• _Description of the task_: Restate word for word the lines below that run from the one holding "Hi guys, this" through the one holding "I'll leave the", inclusive. Pictures don't belong in the copy.

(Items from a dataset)
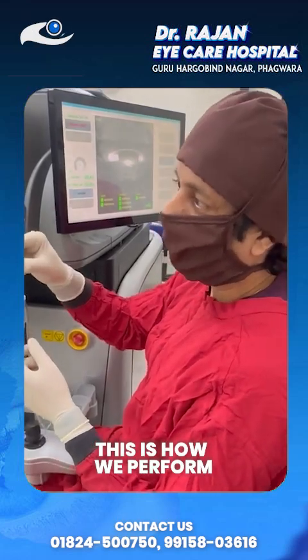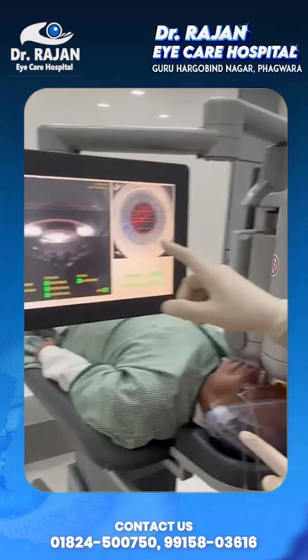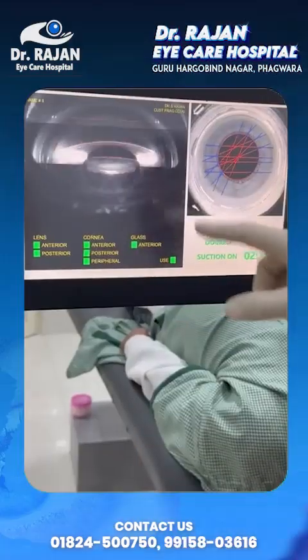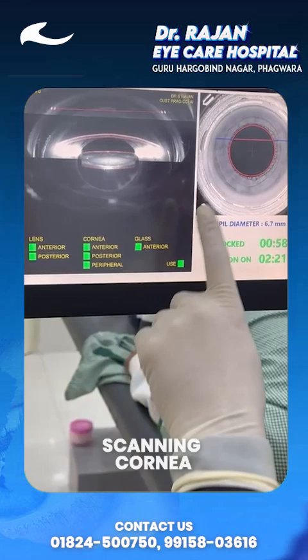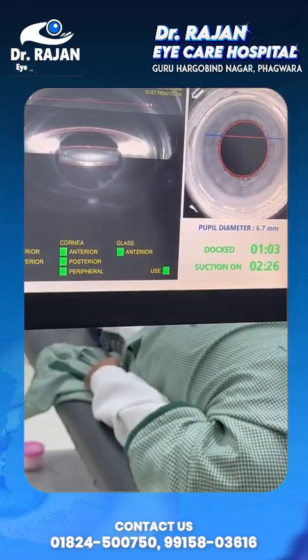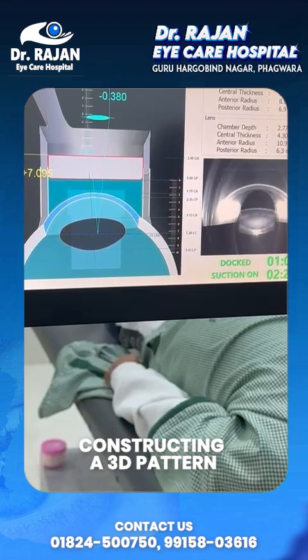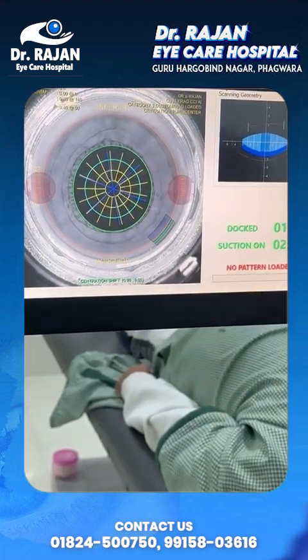Done with the manual blade. Now you can see all of these things we are going to do with the laser only. We are doing the laser scan of the cornea and lens, and now we are constructing this 3D reconstruction and a pattern that we're going to use for the surgery.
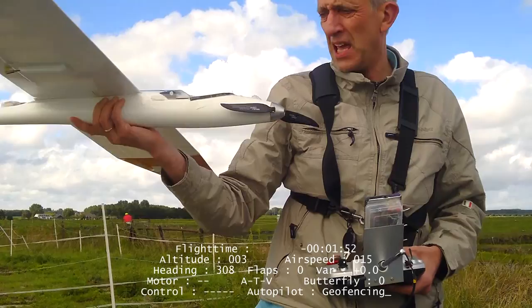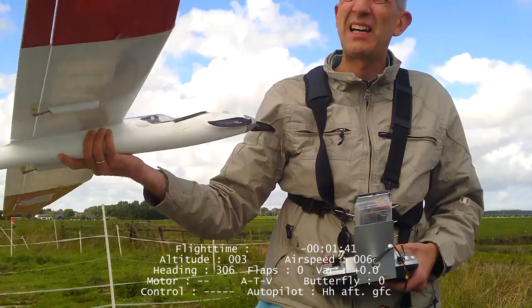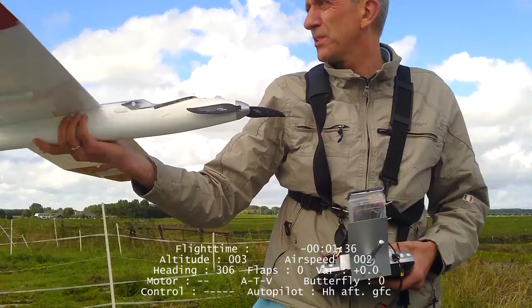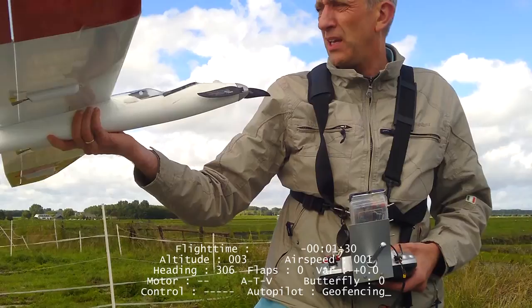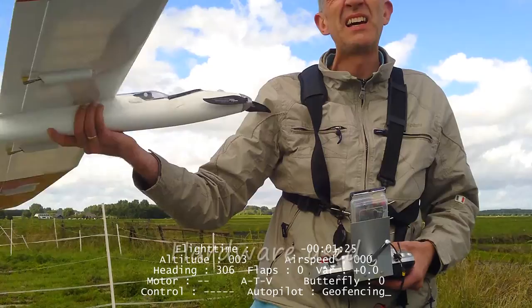Hi guys, this is GliderUAV. I want to test my ATV again today. It's a bit windy but I'm gonna give it a try. It's just an autopilot with the ability to hunt for thermals and sensor in them — at least that's the idea of course. Using MatrixPilot with a UD-B5 board and my PIC chip with ATV. So let's see what happens today.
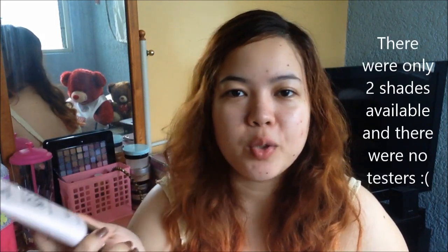I got it for 399 pesos from Watson's. I think this was made in Korea. I was very interested to get the CC Cream, and when I went to Watson's, I actually got this last April. I got the shade in Natural — I just winged it since I thought Ivory would be too light for me. This is what it looks like, and let me blend it on my skin.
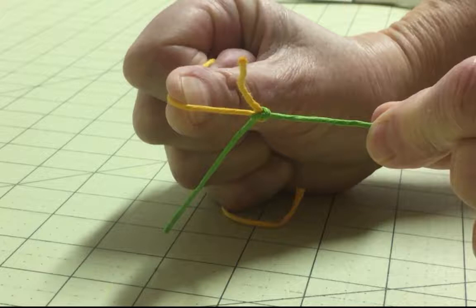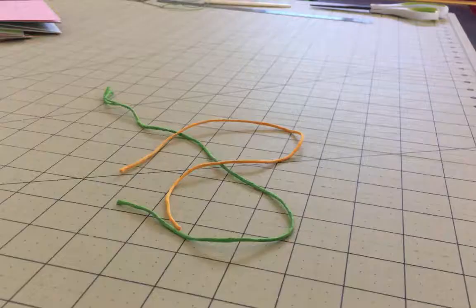You'll often have to join two pieces of thread as you are sewing your bindings. Here's a great knot to use for that purpose, as well as any other time you might need a simple but secure way to join two pieces of thread or rope.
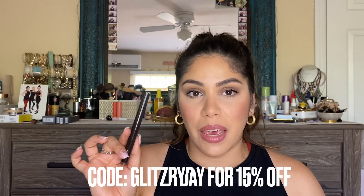I'll leave the link to the Jouer eyeshadow sticks in the description — they're available at Sephora and on Jouer's website. I do have a discount code: it's glitzbyday for 15% off your purchase. It is an affiliate code, so just be aware of that, and thank you in advance. Thank you for tuning in — if this is your first time here, welcome! My name is Leila, I hope you subscribe before you leave, and for all my returning viewers, welcome back. I'll see you all in the next video, bye bye!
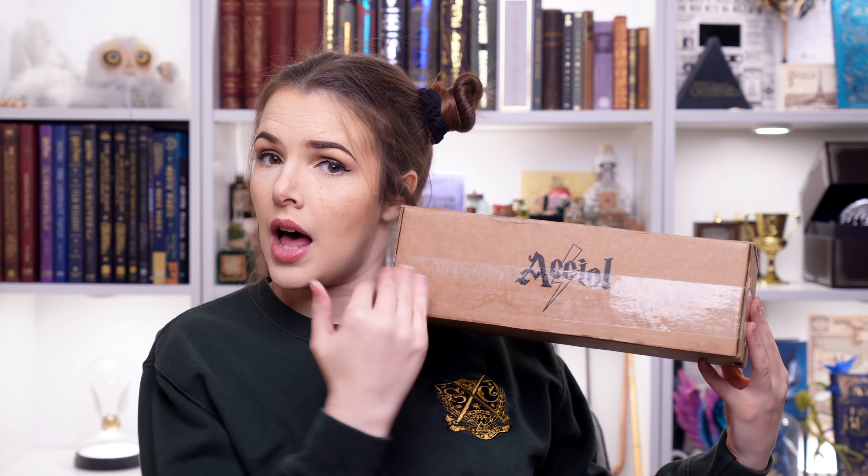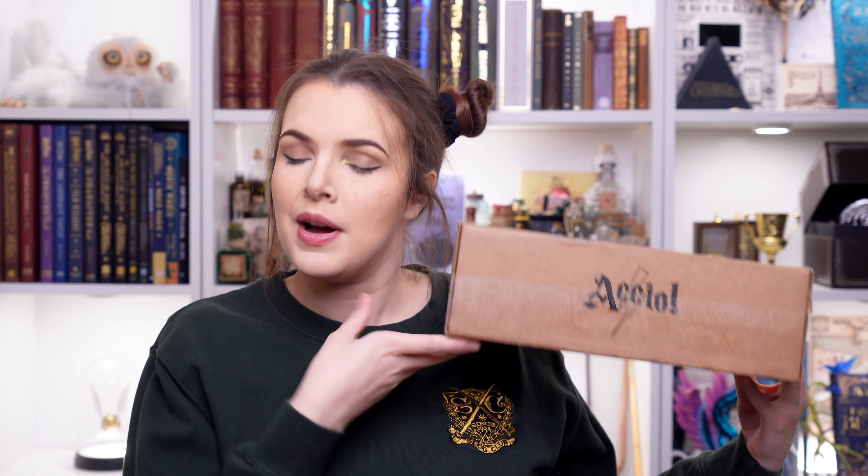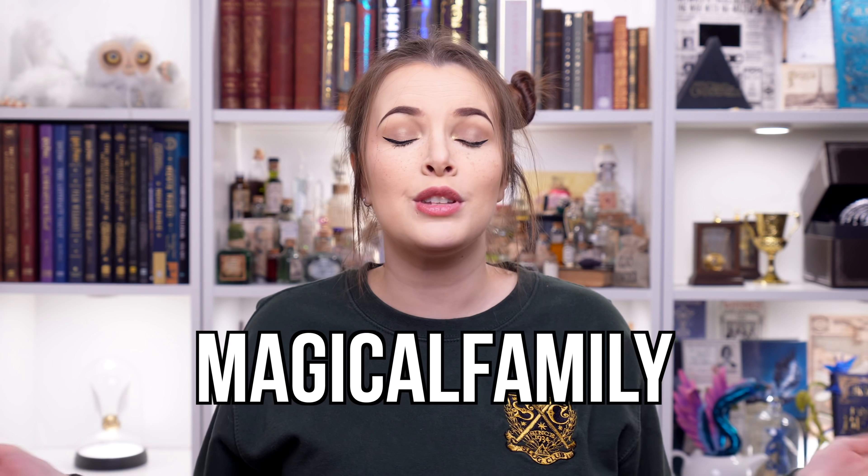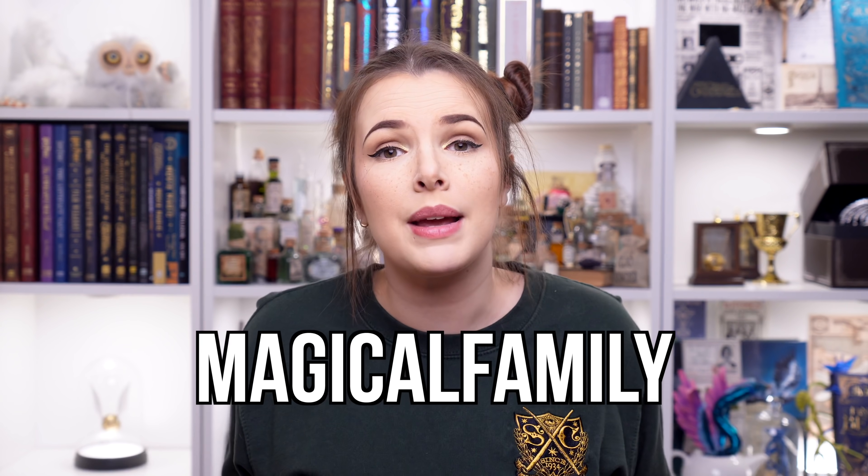This video is sponsored by the lovely Accio. So if you would like to get your very own, I have got a discount code for you guys, which is MAGICAL FAMILY. This means that you get some money off, and it also means that I get a little more money to help keep this channel running. So without further ado, we're going to open this funky shaped Accio - it's very long - and I want to know what is inside this really oddly shaped box.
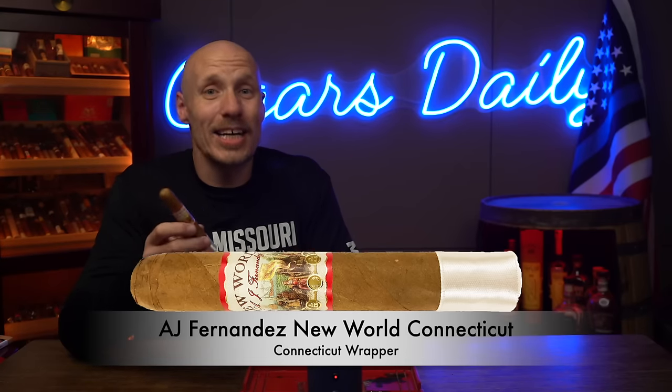Kicking it off with the first wrapper leaf, which is also coincidentally probably the first wrapper leaf you tried when you got into premium cigars. Chances are, you lit up a Connecticut shade. This cigar right here is the AJ Fernandez New World Connecticut. Connecticut just refers to this wrapper leaf on the outside. The binder and filler leafs of any cigar might come from a different growing region or even a different country altogether, but the Connecticut here just refers to this very light colored wrapper leaf.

• _Solved problem_:
Hi guys, this is GliderUAV. I want to test my ATV again today. It's a bit windy but I'm gonna give it a try. It's just an autopilot with the ability to hunt for thermals and sensor in them — at least that's the idea of course. Using MatrixPilot with a UD-B5 board and my PIC chip with ATV. So let's see what happens today.
I got it for 399 pesos from Watson's. I think this was made in Korea. I was very interested to get the CC Cream, and when I went to Watson's, I actually got this last April. I got the shade in Natural — I just winged it since I thought Ivory would be too light for me. This is what it looks like, and let me blend it on my skin.
You'll often have to join two pieces of thread as you are sewing your bindings. Here's a great knot to use for that purpose, as well as any other time you might need a simple but secure way to join two pieces of thread or rope.
I'll leave the link to the Jouer eyeshadow sticks in the description — they're available at Sephora and on Jouer's website. I do have a discount code: it's glitzbyday for 15% off your purchase. It is an affiliate code, so just be aware of that, and thank you in advance. Thank you for tuning in — if this is your first time here, welcome! My name is Leila, I hope you subscribe before you leave, and for all my returning viewers, welcome back. I'll see you all in the next video, bye bye!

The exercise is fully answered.